A su vez, las tácticas de intervención en el propio conflicto contenido en el acontecimiento participan de un giro estético radical : la comprensión del arte, ya no como una narración de historias cerradas, sino como la creación de dispositivos para facilitar que las historias ocurran. Este giro, a su vez, conlleva una larga suerte de consecuencias. En primer lugar, provoca un cruce de saberes entre la creatividad artística y todos aquellos saberes subterráneos que subyacen en el acontecimiento (reciclaje, sabotaje, invisibilidad, …). En segundo lugar, la intervención obliga a operar desde una perspectiva parcial y local, de implicación con el acontecimiento concreto, que convierte en inoperante el mismo proceso de trabajo en otros contextos y circunstancias. Sin embargo y, finalmente, la intervención, en la medida que aspira a participar en tiempo real sobre el acontecimiento, también deviene colaborativa con la fuerza de transformación social que late en el interior del mismo acontecimiento. Este es el punto determinante de nuestra argumentación sobre la tercera encrucijada. En efecto, los proyectos artísticos de intervención en el acontecimiento, a pesar de que no persiguen paliar el conflicto, sino detectarlo o incluso provocarlo, contribuyen a una mayor propagación de esa potencia transformadora, con lo cual aceleran la posible articulación de procesos de autoconciencia de quienes padecen el conflicto. Esta suerte de empowerment es el que abre las puertas a la posibilidad, muy estrecha, de un arte público comprometido con los procesos de cohesión comunitaria.

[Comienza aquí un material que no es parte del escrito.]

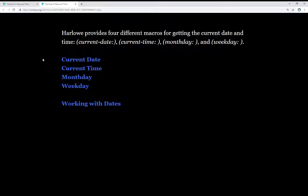Harlow provides four different macros for getting the current date and time: CurrentDate, CurrentTime, MonthDay, and WeekDay.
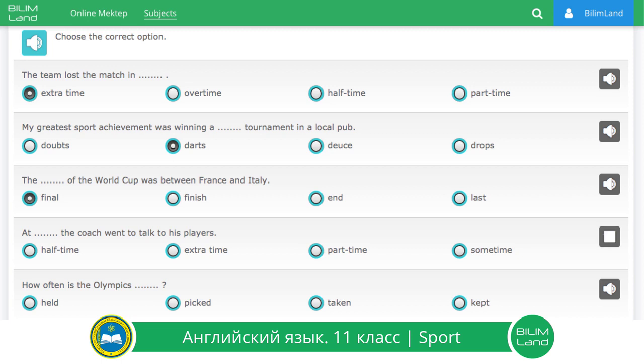At half-time, the coach went to talk to his players. How often is the Olympics held?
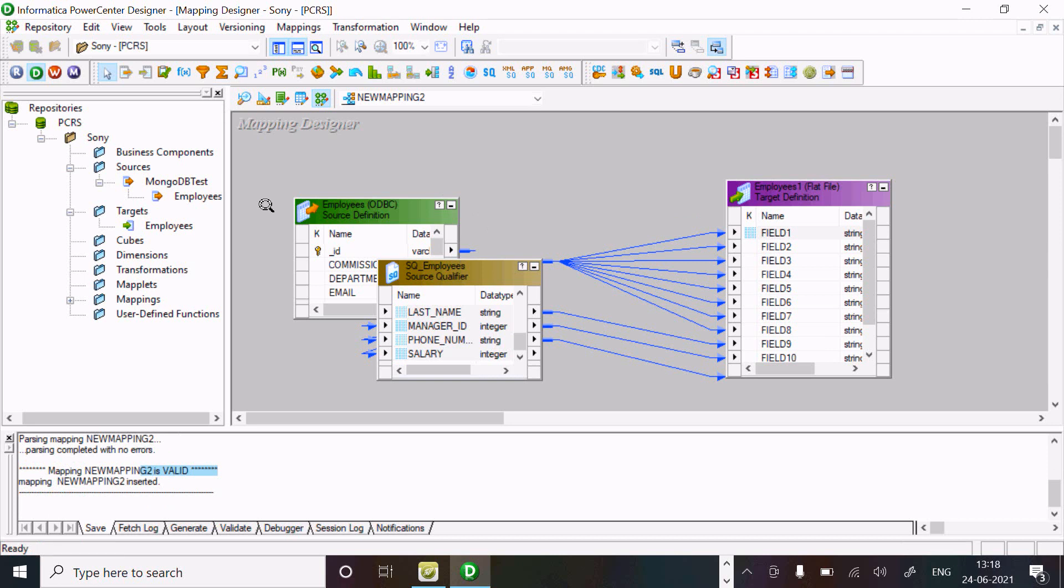This is the first way we can easily connect MongoDB inside Informatica Power Center.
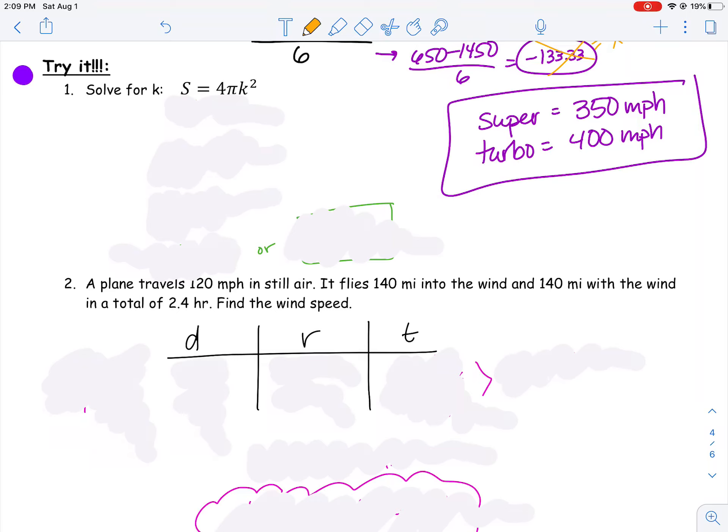Here are a couple of try-it problems for section 11-4. I know some of the stuff we did in this section was pretty challenging. We talked about solving some formulas using our quadratic techniques, and then we did some application problems — talking about distance and rate and time. It's really important that you're trying some of these problems on your own without me guiding you through.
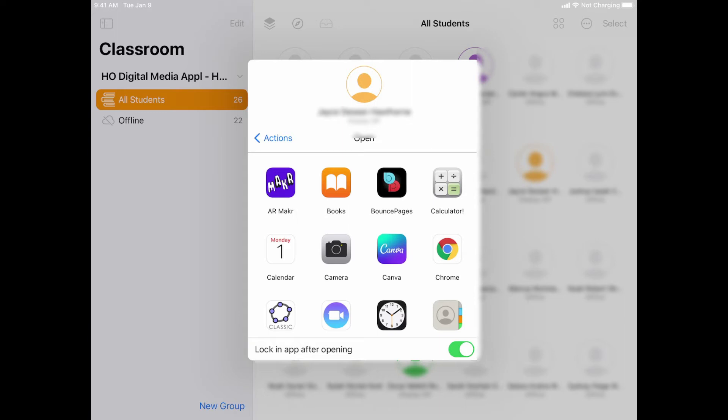You also have to be careful that some apps on the iPad will launch other apps. So maybe you lock them in the Canvas app, for example, but if you have Google Docs in that app, when you tap on an assignment in Canvas that it's supposed to launch Google Docs, but if you have it locked to Canvas, then those things that launch other apps will not work. So you have to be a little cautious with it, but it works pretty well.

La contribución a la cohesión social puede interpretarse desde dos perspectivas bien distintas. En primer lugar, como un auxilio a las aspiraciones y narraciones de las clase hegemónicas para silenciar el espacio social mediante distintos contratos y consensos. Esta ilusión de una paz social siempre conlleva necesariamente un olvido de cualquier acontecimiento urbano que pudiera perturbarla, de modo que, cualquier proyecto artístico con vocación pública en esta dirección, en primera instancia, no alimenta más que la cancelación de su propio origen. Descartado.
La segunda perspectiva para plantear una contribución a la cohesión social, reside en el potencial del arte público del acontecimiento como promotor de los procesos de autoconciencia. En efecto, solo en la medida que los proyectos artísticos que intervienen en el conflicto puedan dotarlo de herramientas para que las fuerzas sociales que subyacen en él se articulen de forma comunal y se movilicen por objetivos comunes, entonces, estos mismos proyectos, en lugar de contribuir a una conservadora cohesión social, lo que facilitan es la vertebración de nuevos agentes capaces de incorporarse al espacio social donde se deliberan constantemente las diferencias. Este es el estrecho horizonte de posibilidad para las prácticas artísticas en el espacio público animadas por la ilusión de la cohesión social: no fortaleciendo los pactos establecidos, sino provocando la aparición de nuevos interlocutores sociales que obliguen a renovar permanentemente los contratos sociales.